High Availability >99.99%

6 min readFeb 20, 2021

In the past 6 years, good or bad, I have been in an engineering leader role owning the most critical uptime or service availability in a few hyper growth companies. The tech stack varies from private data centers, AWS, and GCP. It is not an easy job. But I have led teams to achieve great success, often higher > 99.99%, some quarter result >99.999%, and learned a few important lessons that I am glad to share with you in this article.

(I learned a lot from my network and LinkedIn. Time to contribute back a bit.)

If the architecture is not right, address that first

If the product is a big monolithic app running on one box, it is important to recognize that there is very little room to achieve high availability. It cannot scale out, and it can only scale up.

There are a lot of optimization tricks to play, such as rate limiting, concurrency, local queuing, DB connection pool size limit, optimizing logging, tuning JVM, Hibernate, disk, mysql, hardware … However, it is important to recognize, this is not a scalable architecture to achieve high availability, at least not as a state of art of our industry, no matter how much effort to put in.

Cloud does not necessarily make things easier

While Cloud like AWS has been much more stable than early days, and we rarely hear a big outage from it now, there are a lot of pitfalls when building a SaaS solution in a Cloud.

Here are a few real world examples that I experienced.
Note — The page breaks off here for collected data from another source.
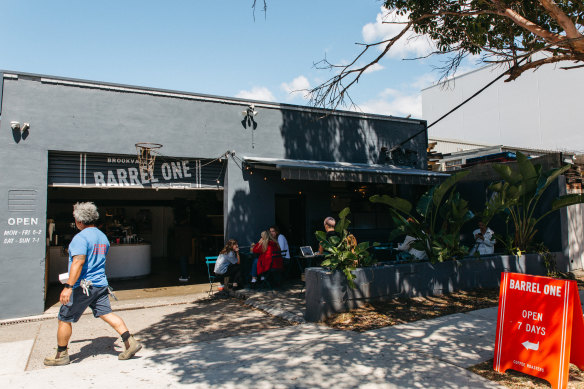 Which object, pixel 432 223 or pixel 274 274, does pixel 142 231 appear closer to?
pixel 274 274

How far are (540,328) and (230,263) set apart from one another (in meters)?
6.18

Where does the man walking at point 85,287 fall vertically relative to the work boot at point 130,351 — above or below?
above

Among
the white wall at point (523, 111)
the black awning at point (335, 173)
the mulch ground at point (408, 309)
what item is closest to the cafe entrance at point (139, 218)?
the black awning at point (335, 173)

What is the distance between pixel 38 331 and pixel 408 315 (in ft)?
19.4

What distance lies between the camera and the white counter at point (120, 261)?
11203 mm

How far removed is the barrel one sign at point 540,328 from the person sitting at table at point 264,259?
17.7 ft

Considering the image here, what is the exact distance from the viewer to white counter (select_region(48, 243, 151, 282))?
36.8ft

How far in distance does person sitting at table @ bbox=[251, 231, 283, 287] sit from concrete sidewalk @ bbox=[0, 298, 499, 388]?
91.8 inches

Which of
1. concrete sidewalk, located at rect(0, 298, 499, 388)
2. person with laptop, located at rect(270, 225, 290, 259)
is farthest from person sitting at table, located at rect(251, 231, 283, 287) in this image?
concrete sidewalk, located at rect(0, 298, 499, 388)

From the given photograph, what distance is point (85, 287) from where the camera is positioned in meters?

Aurora DB replication failed
REDIS cluster was overwhelmed by too many connections
No enough capacity in a region for a new EC2 instance type so new instances failed to launch per auto scaling policy.
CPU quota hit for limit for a region

In summary, it is important to understand Cloud does not have a 100% guarantee. We should consider it as part of architecture, design and prepare for potential failures.

See https://aws.amazon.com/compute/sla/. =99% availability means 432 minutes, or >7 hours of downtime in a month, or 15 min downtime per day. AWS will refund 10% of cost to you. But will customers who rely on your product and service 24/7 be okay with it? Probably not.

MicroServices expose more failure points

The architecture looks perfect. Logic is decoupled in many MicroServices. The scalable and highly available queue system and data stores like Kafka, S3, Druid are in place.

In reality, the system is complex in a different way than the monolithic alternative.

Each service is 99.99% available. The combination of the whole system is likely < 99.99%.
Ownership of these services are often distributed to different teams. Who will own the overall uptime?
APM tool gives insights how these systems are connected but no insights where it may fail and how the whole system will behave due to those failures.

Human Errors

Due to the system complexity, human errors happen now and then. A few examples:

Ran test script while mistakenly connected with production environment, deleted the account database.
Rolled out incompatible changes that forced a restart of dependent services, causing downtime.
Migration to a new AWS service hit failures and was forced rollback.
Facing service degradation, took wrong on-call action and made things much worse.

Path to high availability > 99.99%

There is no one size fitting one. I offer a few thoughts based on my experience.

It is achievable

It may sound very scary or impractical to set an uptime goal > 99.99%, especially for a complex system composed of dozens if not hundreds of services, under heavy traffic for both write and read, running fully in Cloud, used by thousands or millions of customers.

My experience proves it is achievable.

Start with architecture review

Not all services are equally important. Start with the critical paths of tier 1 services that are most important to customers. Typically, there is a data write path and data read/query path. For write paths, the #1 is to prevent data loss, once accepted. For query paths, latency should stay within a customer satisfactory range.

Analyze service dependencies, type of failures, the recovery path, and recovery speed, and degradation’ impact to customers. Create a list of prioritized work items.

A few examples:

Kafka persistence layer failed. Is there a standby cluster? If yes, how quick can the fail over finish? Meanwhile, is there data loss?
Will high traffic of one customer take down the data ingestion for all other customers?
If the account DB is down, will data ingestion stop? Will UI continue to work?
If one customer sends a super big query, scanning 4 years’ data, will all customers’ queries hit timeout?
If REDIS cache layer fails, will all services fail catastrophically?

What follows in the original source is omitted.